Defendant and appellant Jose Francisco Cervantes beat his girlfriend during an argument. Pursuant to a plea agreement, defendant pled no contest to infliction of corporal injury on a cohabitant within seven years of a prior domestic violence conviction. (Pen. Code,1 § 273.5, subds. (a) & (f)(1).) In return, defendant was placed on formal probation for a period of three years with various terms and conditions of probation. On appeal, defendant challenges four of his probation conditions, claiming they are unconstitutionally overbroad and/or vague, and should be stricken or modified. Specifically, he argues (1) the electronics-search condition is unconstitutionally overbroad because it impermissibly restricts his First and Fourth Amendment rights, and (2) the residential search condition, the weapons condition, and the change of residence condition are unconstitutionally vague and overbroad. We agree modification is required as to some of the challenged probation conditions, but reject defendant's remaining arguments.

II

FACTUAL AND PROCEDURAL BACKGROUND2

On March 18, 2017, defendant and his girlfriend of four years got into an argument. During the argument, defendant struck his girlfriend at least six times in herface and mouth and kicked her twice on her side and shoulder. As a result, defendant's girlfriend sustained a black eye, bruising on both of her arms, and scratches on her face. Defendant's girlfriend reported that defendant had injured her before in a previous domestic violence incident, resulting in her being left unconscious in a street outside of their residence. Based on the severity of the previous incident, defendant's girlfriend did not want defendant placed in custody out of fear of what he would do to her upon his release.

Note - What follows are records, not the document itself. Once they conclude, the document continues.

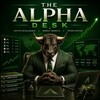 Logo of telegram channel the_alpha_desk — THE_ALPHA DESK™️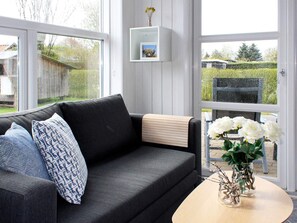 House | Living area - 6 Person Holiday Home in Esbjerg V (Esbjerg)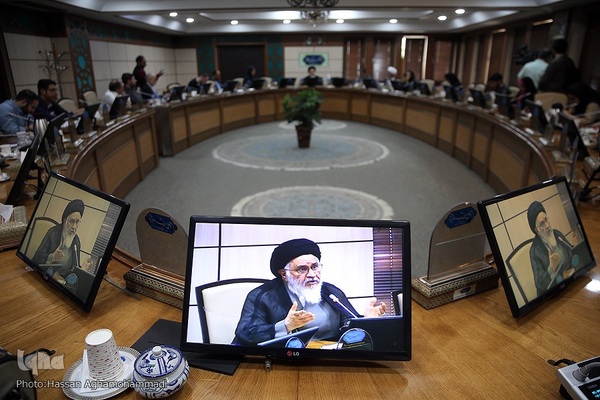 نشست رسانه ای ششمین همایش سالانه انجمن علمی مطالعات صلح ایران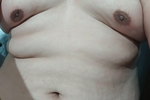 chest and tummy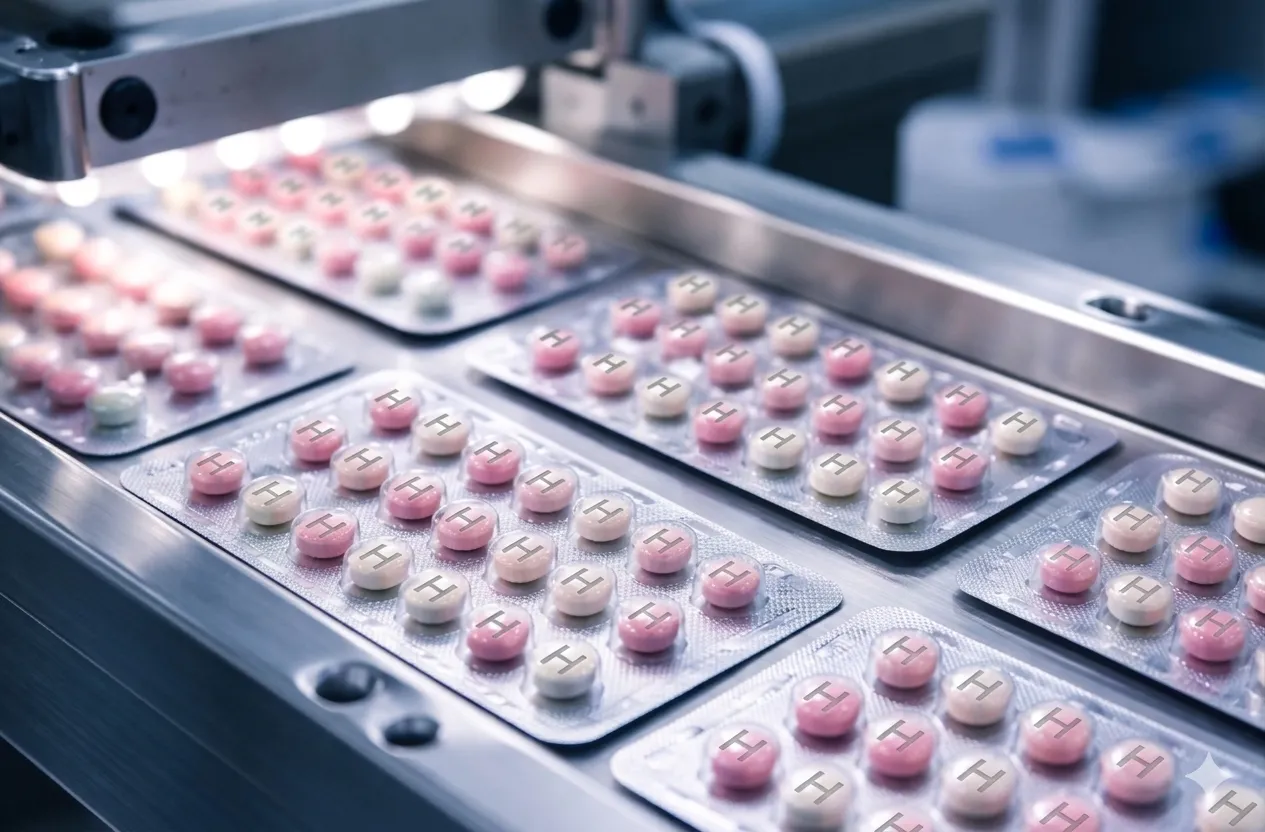 oral powder manufacturing process
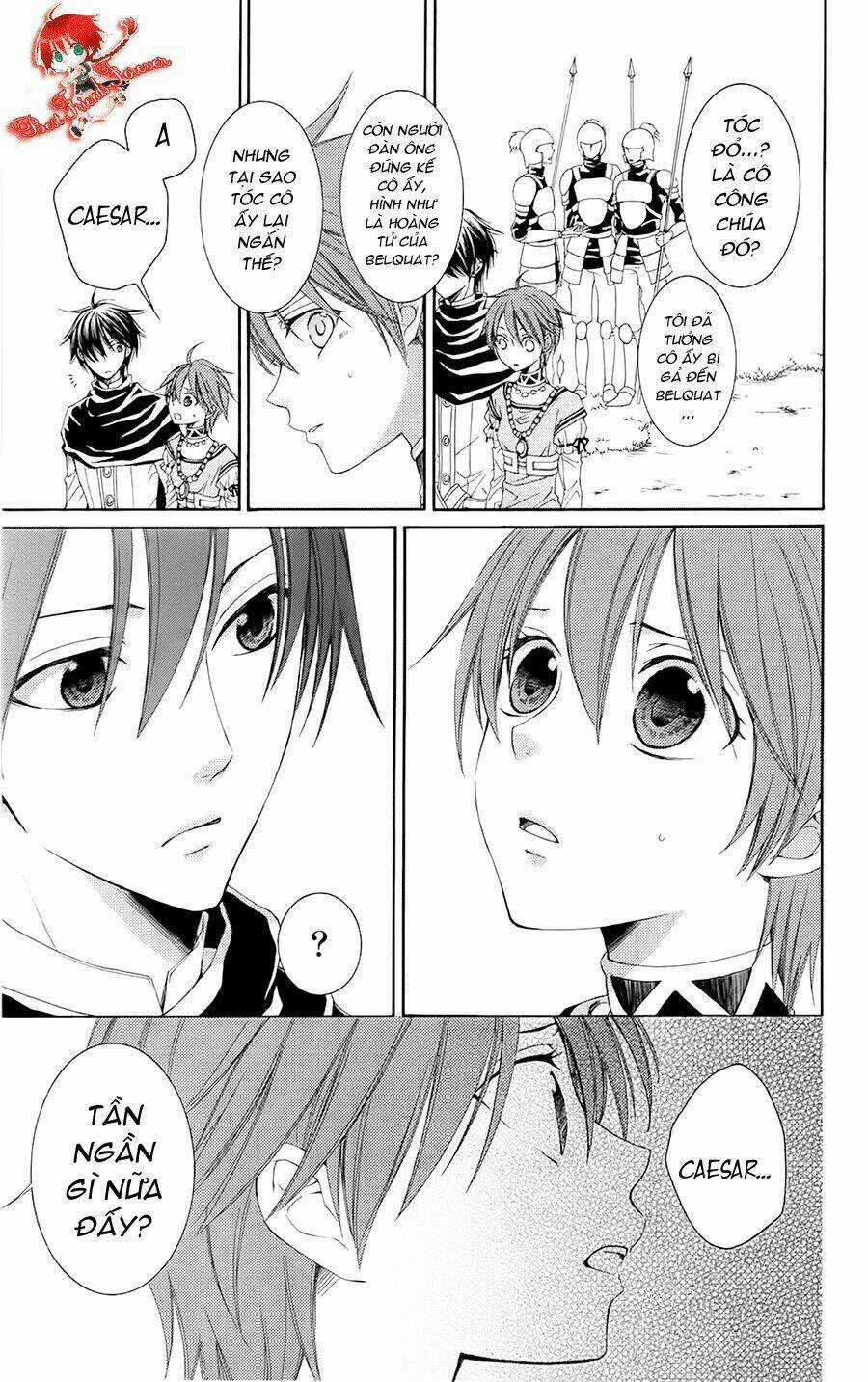 Bình Minh Arcana - Chapter 24 - Trang 20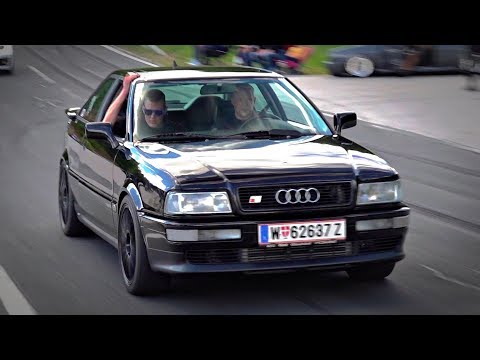 BEST of AUDI 5-CYLINDER TURBO Engine SOUNDS | Audi S2, S1 Group B, TT-RS, RS3, Quattro & More!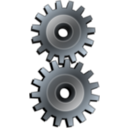 Two Gears Gray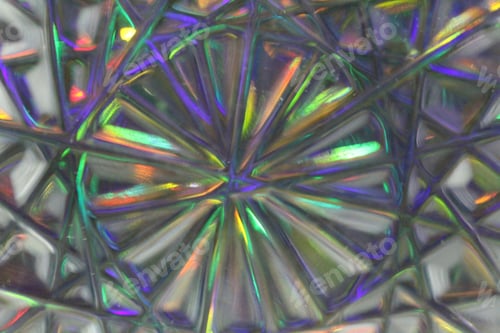 Preview: Star Rainbow Background. Blurred Abstract Creative Background. Dark, Purple And Gray Star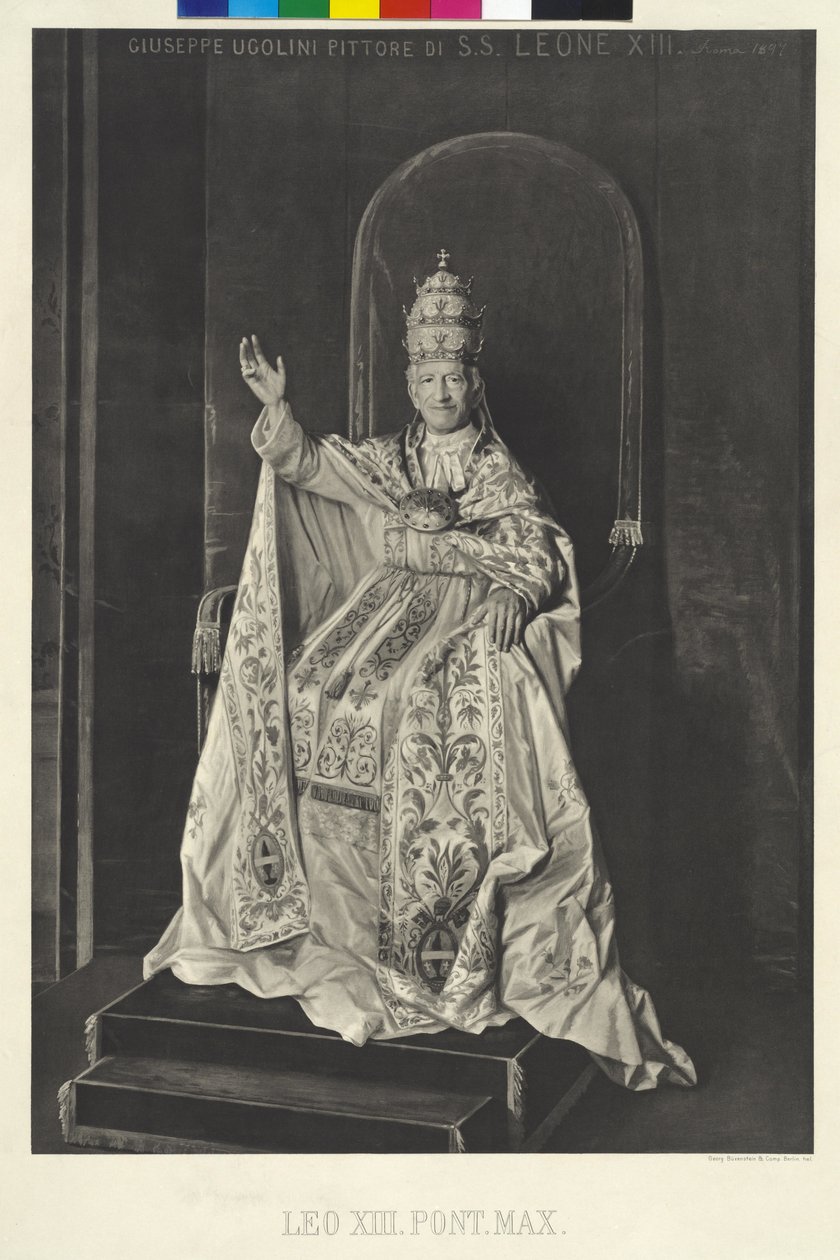 Pape Léon XIII - Giuseppe Ugolini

On March 21, 2017, a felony complaint was filed charging defendant with inflicting corporal injury on a cohabitant or girlfriend within seven years of a prior domestic violence conviction. (§ 273.5, subds. (a) & (f)(1).) Defendant's prior domestic violence conviction under section 273.5, subdivision (a), occurred on October 27, 2015, in San Bernardino County Superior Court, case No. FSB1503135. At the time of the instant case, defendant was on probation in connection with his prior domestic violence conviction.

On March 29, 2017, pursuant to a plea agreement, defendant pled no contest to the charge and admitted to violating probation in case No. FSB1503135.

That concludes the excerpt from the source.